HOW TO COMPLETE THIS TASK ▸
None of the pictures should appear; the lines from the line containing "Blåkläder arbejdsshorts X1900 full stretch" through the last line of the listing must be repeated exactly.

EXTRACTED DATA ▸

---------------

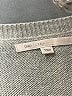Gallo Gray Pullover Sweater Size L (tall) - photo 7
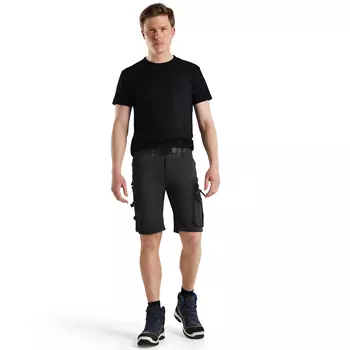 Blåkläder arbejdsshorts X1900 full stretch
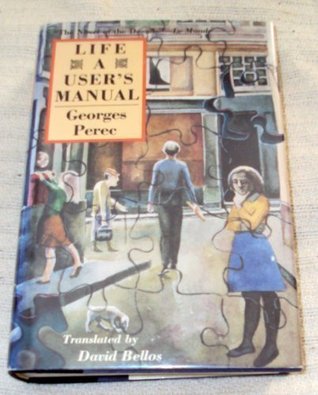 Life A User's Manual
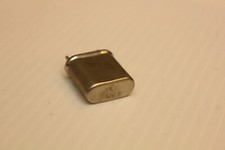 CRYSTAL - QUARTZ - 5900 kHz -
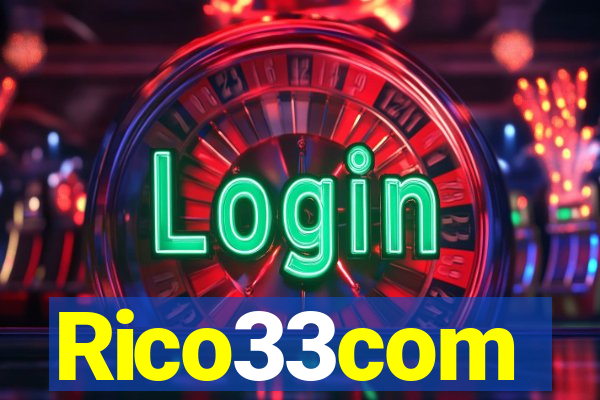 Rico33com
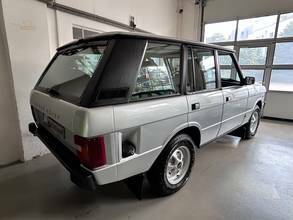 Thumbnail von Land Rover Range Rover Classic (1984)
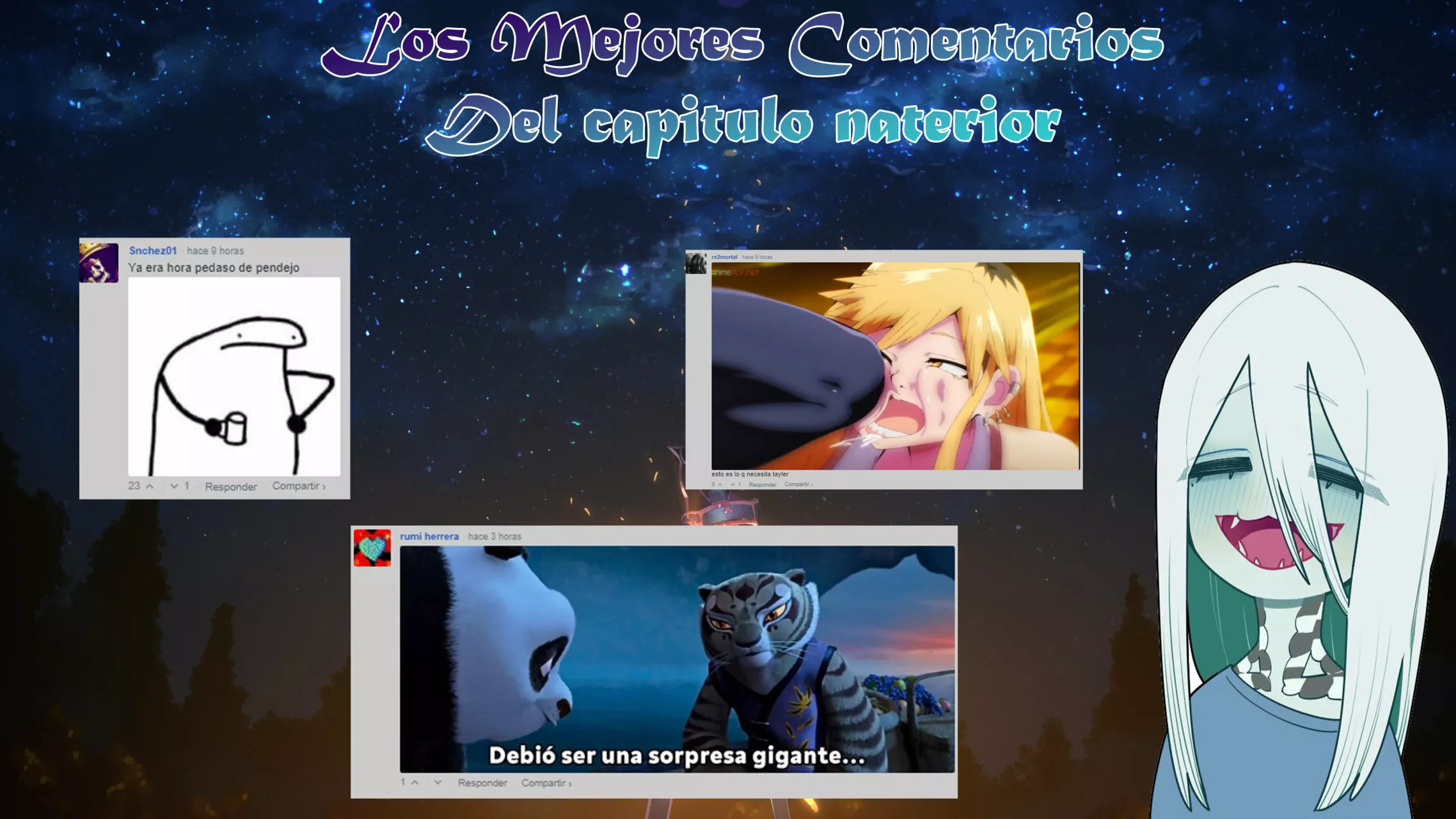 Goth Girl & The Jock Capítulo 24 - Page 2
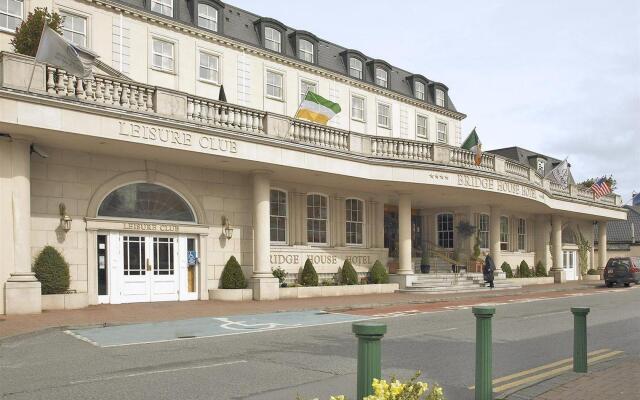 Bridge House Hotel - Leisure Club & Spa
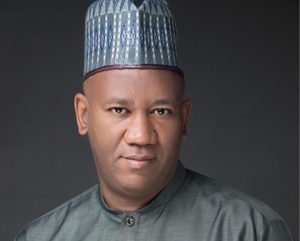 Yusuf Datti Baba-Ahmed thumbnail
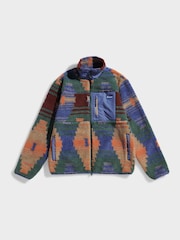 Penfield Brown Mens Forefounders Mattawa Jacket - Image 1 of 3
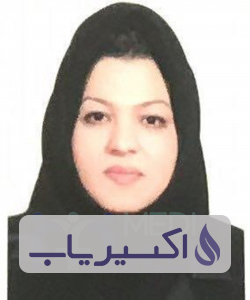 دکتر نرگس سادات رضوی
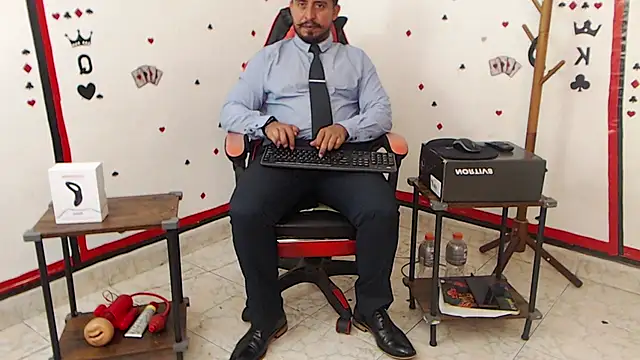 KalethBigDick online show from 01.17.25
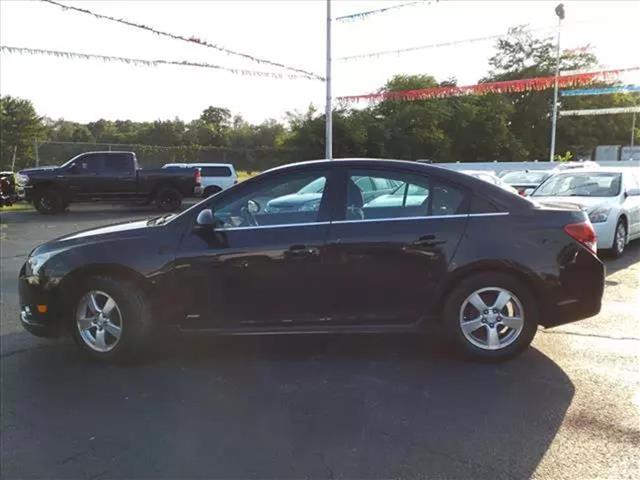 $7300 : 2012 CHEVROLET CRUZE2012 CHEV image 6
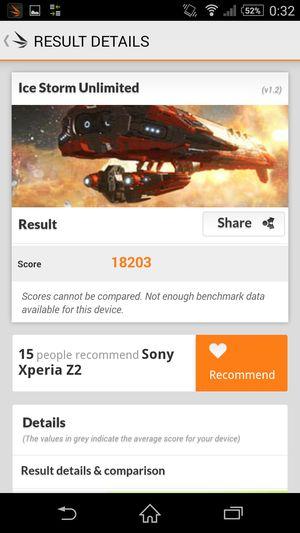 Смартфон Sony Xperia Z2:, фото 102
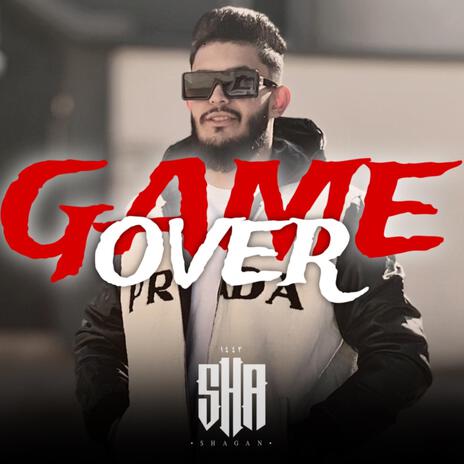 GAME OVER - انتهت اللعبة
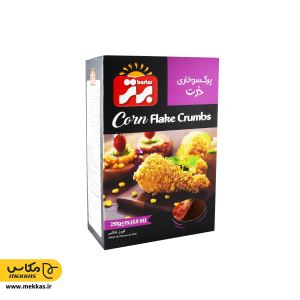 پرک سوخاری ذرت برتر - 250 گرم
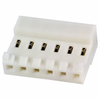 Free Hanging, Panel Mount - A31647-ND - DigiKey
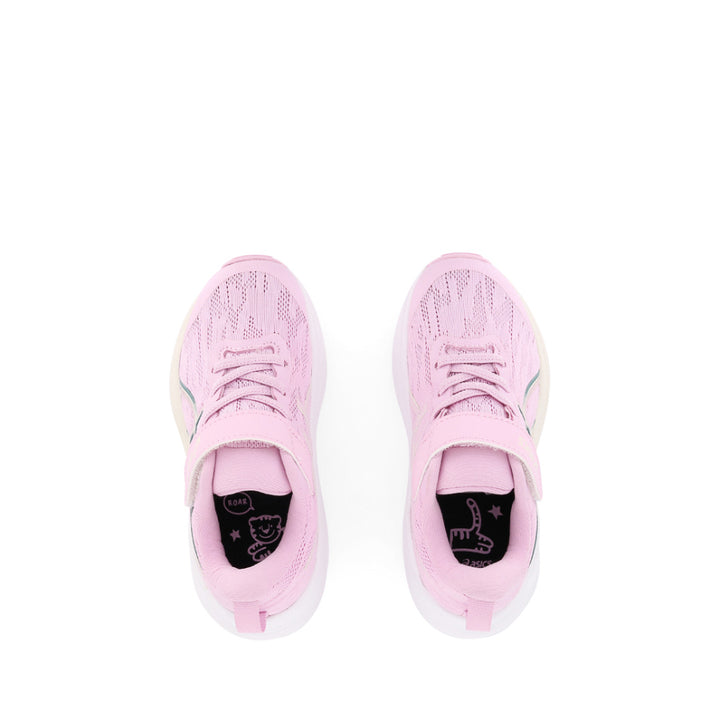 GT-1000 14 PS - HAZY LILAC/ROSE DUST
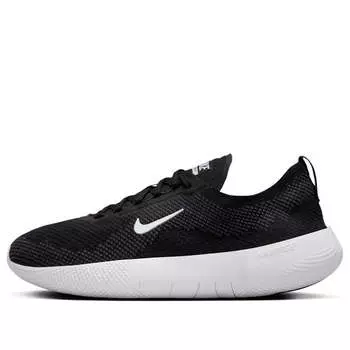 Кроссовки free 2025 Nike, черный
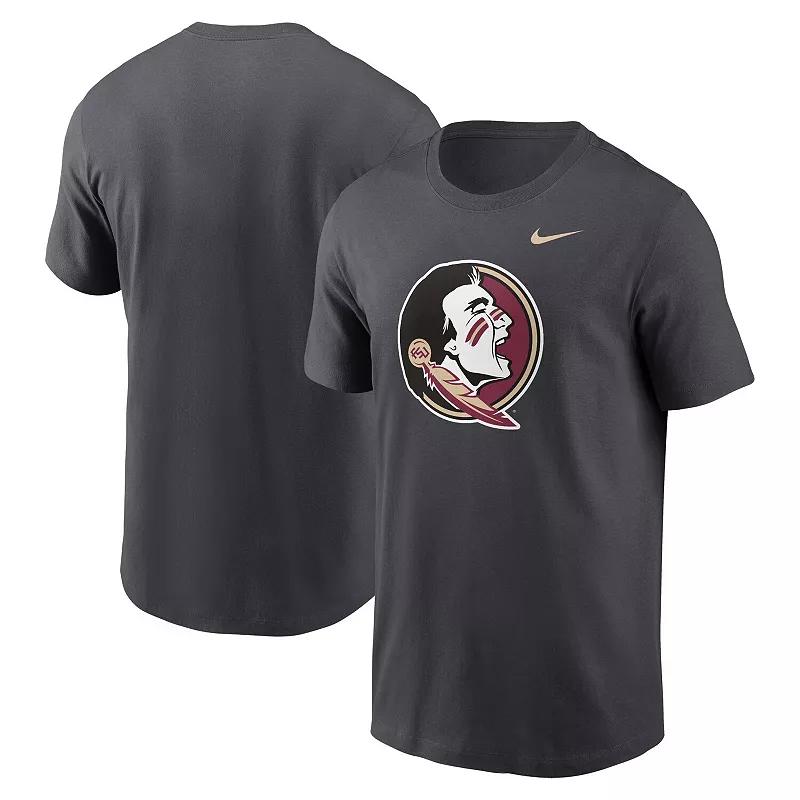 Men's Nike Anthracite Arizona Cardinals Helmet Essential T-Shirt,  Product Image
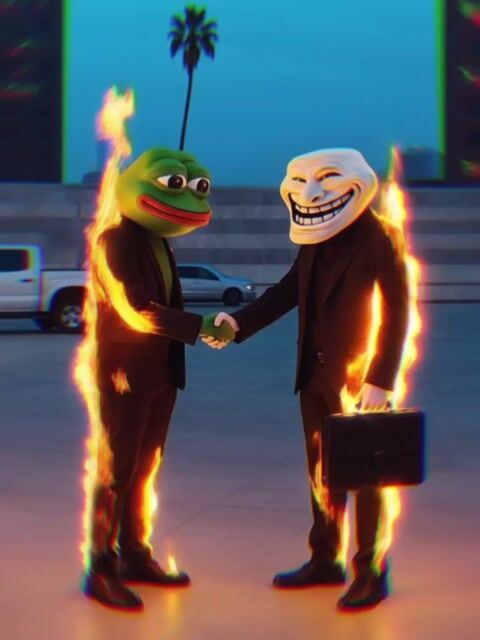 We All Rich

---------------

EXPECTED ANSWER ▸
 Blåkläder arbejdsshorts X1900 full stretch
 Life A User's Manual
 CRYSTAL - QUARTZ - 5900 kHz -
 Rico33com
 Thumbnail von Land Rover Range Rover Classic (1984)
 Goth Girl & The Jock Capítulo 24 - Page 2
 Bridge House Hotel - Leisure Club & Spa
 Yusuf Datti Baba-Ahmed thumbnail
 Penfield Brown Mens Forefounders Mattawa Jacket - Image 1 of 3
 دکتر نرگس سادات رضوی
 KalethBigDick online show from 01.17.25
 $7300 : 2012 CHEVROLET CRUZE2012 CHEV image 6
 Смартфон Sony Xperia Z2:, фото 102
 GAME OVER - انتهت اللعبة
 پرک سوخاری ذرت برتر - 250 گرم
 Free Hanging, Panel Mount - A31647-ND - DigiKey
 GT-1000 14 PS - HAZY LILAC/ROSE DUST
 Кроссовки free 2025 Nike, черный
 Men's Nike Anthracite Arizona Cardinals Helmet Essential T-Shirt,  Product Image
 We All Rich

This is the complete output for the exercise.